The seventh patent issued
by the United States, to Samuel Mulliken of Philadelphia, was for
a threshing machine. The portable horse-power treadmill, invented
in 1830 by Hiram A. and John A. Pitts of Winthrop, Maine, was
presently coupled with a thresher, or "separator," and this
outfit, with its men and horses, moving from farm to farm, soon
became an autumn feature of every neighborhood. The treadmill was
later on succeeded--by the traction engine, and the apparatus now
in common use is an engine which draws the greatly improved
threshing machine from farm to farm, and when the destination is
reached, furnishes the power to drive the thresher. Many of these
engines are adapted to the use of straw as fuel.

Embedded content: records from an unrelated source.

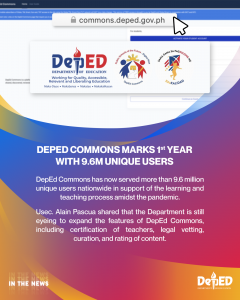 DepEd Commons marks 1st year with 9.6M unique users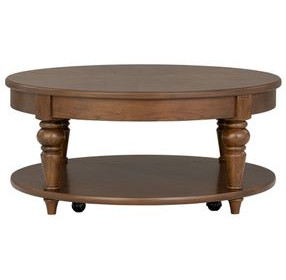 Bellevue Whiskey Brown Round Coffee Table with Casters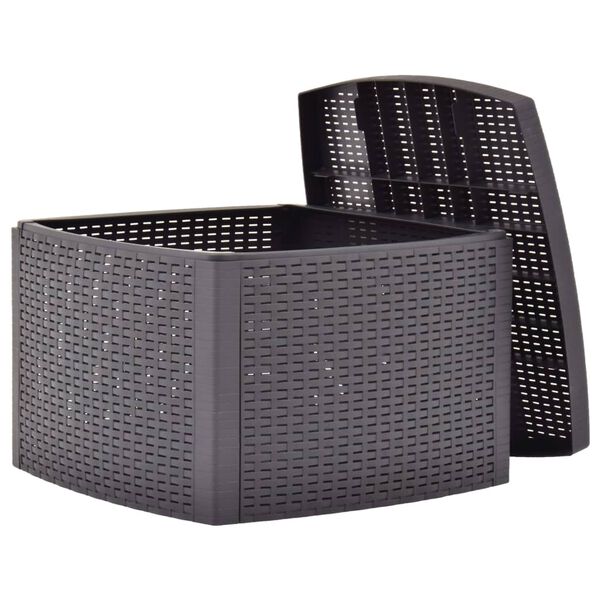 vidaXL Šoninis staliukas, moka spalvos, 54x54x36,5cm, plastikas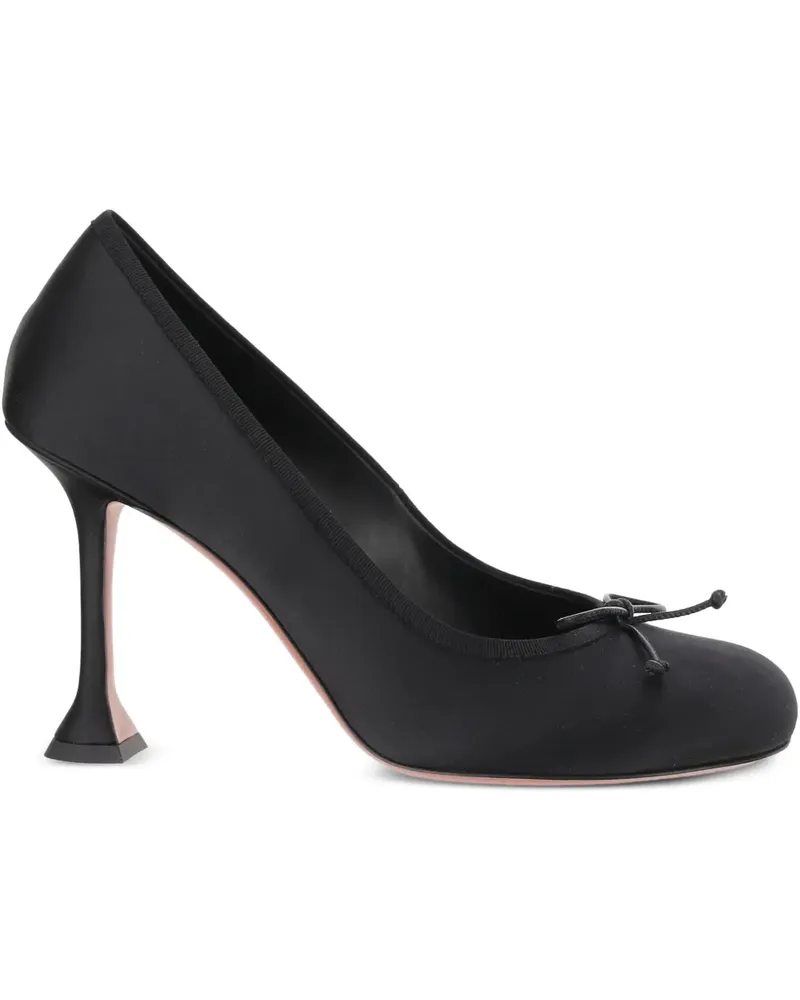 Amina Muaddi Lila Pumps mit Schleife 95mm - Schwarz Schwarz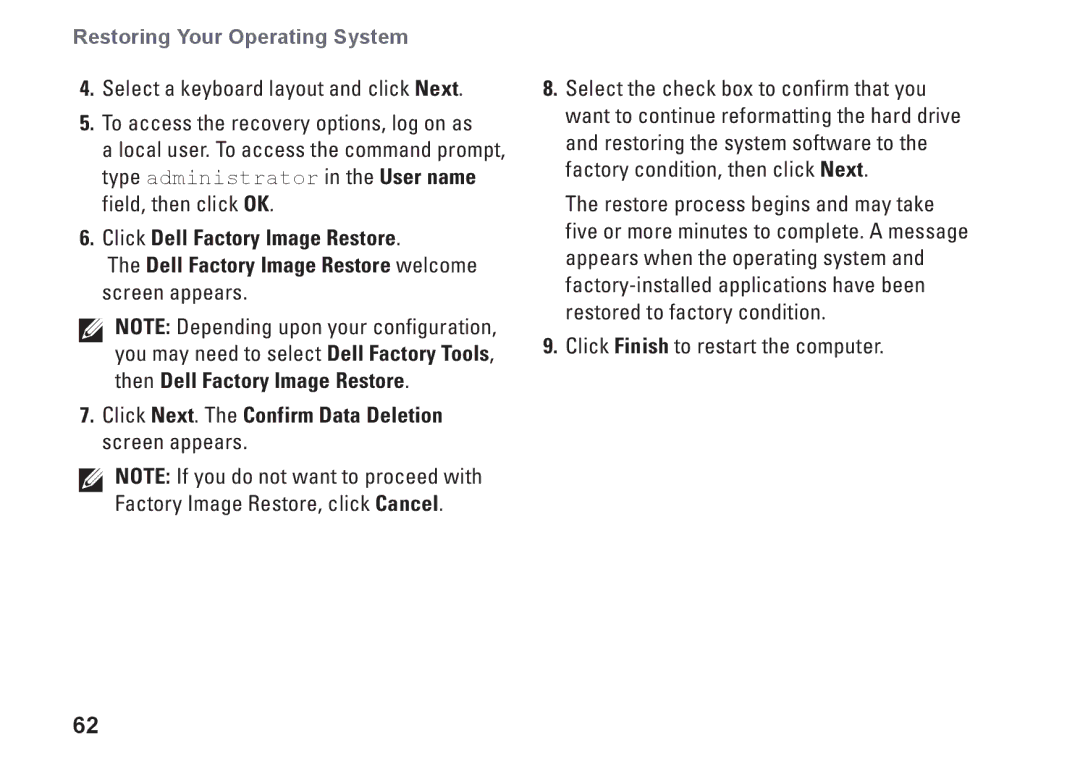 Dell P07F001, 7RR4T, P07F002, P07F series, P07F003, M5030 setup guide Restoring Your Operating System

Another development was the combination harvester and thresher
used on the larger farms of the West. This machine does not cut
the wheat close to the ground, but the cutter-bar, over
twenty-five feet in length, takes off the heads. The wheat is
separated from the chaff and automatically weighed into sacks,
which are dumped as fast as two expert sewers can work. The
motive power is a traction engine or else twenty to thirty
horses, and seventy-five acres a day can be reaped and threshed.
Often another tractor pulling a dozen wagons follows and the
sacks are picked up and hauled to the granary or elevator.